Required work → Could the records be returned exactly, with the pictures left out?

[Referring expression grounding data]
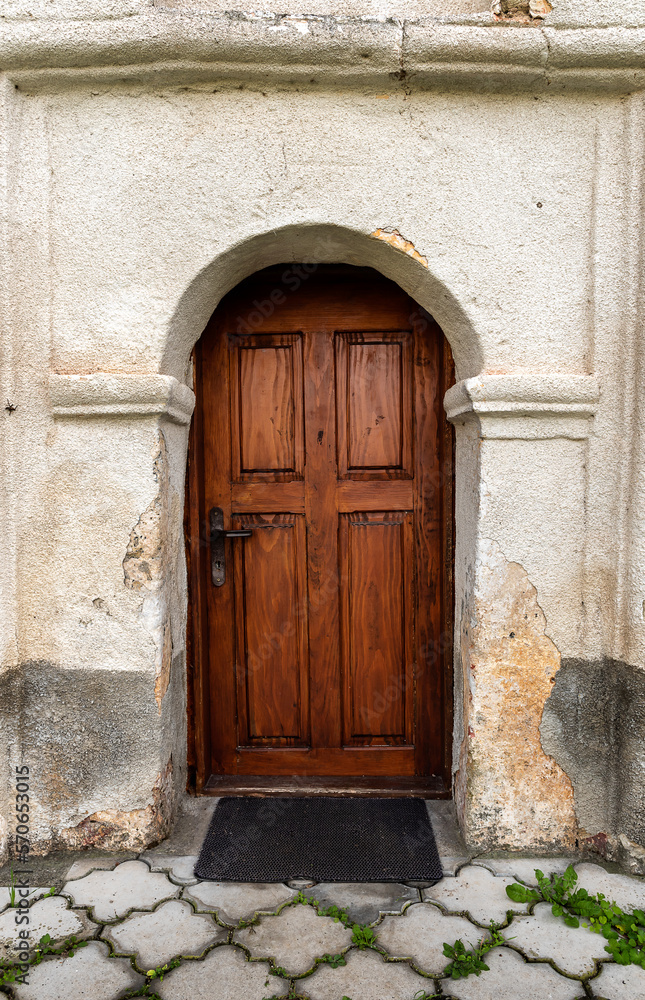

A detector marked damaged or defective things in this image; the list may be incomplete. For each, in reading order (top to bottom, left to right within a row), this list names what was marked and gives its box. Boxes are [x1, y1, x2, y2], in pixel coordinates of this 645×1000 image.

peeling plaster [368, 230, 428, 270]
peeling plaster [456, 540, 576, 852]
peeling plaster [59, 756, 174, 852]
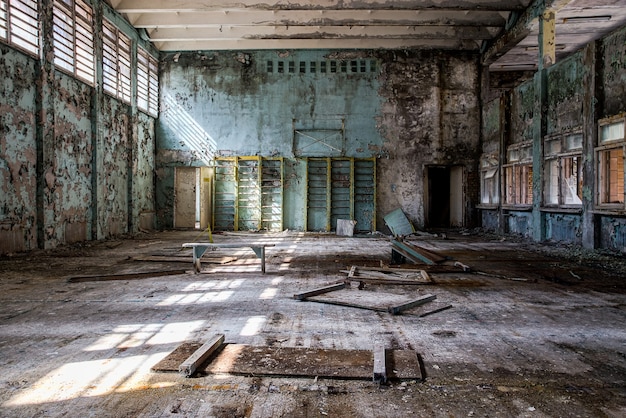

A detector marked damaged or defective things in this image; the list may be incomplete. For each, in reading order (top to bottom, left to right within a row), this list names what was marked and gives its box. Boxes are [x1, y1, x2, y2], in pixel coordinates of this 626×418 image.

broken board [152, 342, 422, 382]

Your solution →
A detector marked damaged or defective things in this image; the list may be incomplete. For each, in reading order (top to bottom, left to right within a row), this list names what was marked and gives its box. Boxes are [x1, y1, x2, y2], in pixel coordinates of this 645×1000 image.

peeling plaster [368, 230, 428, 270]
peeling plaster [456, 540, 576, 852]
peeling plaster [59, 756, 174, 852]

A detector marked damaged or defective things in this image; the list may be incomplete. For each, in reading order (top to bottom, left to right within a row), this list names what was marked and gives its box. Boxes are [x1, y1, x2, y2], in pixel coordinates of this 626×418 image.

broken board [152, 342, 422, 382]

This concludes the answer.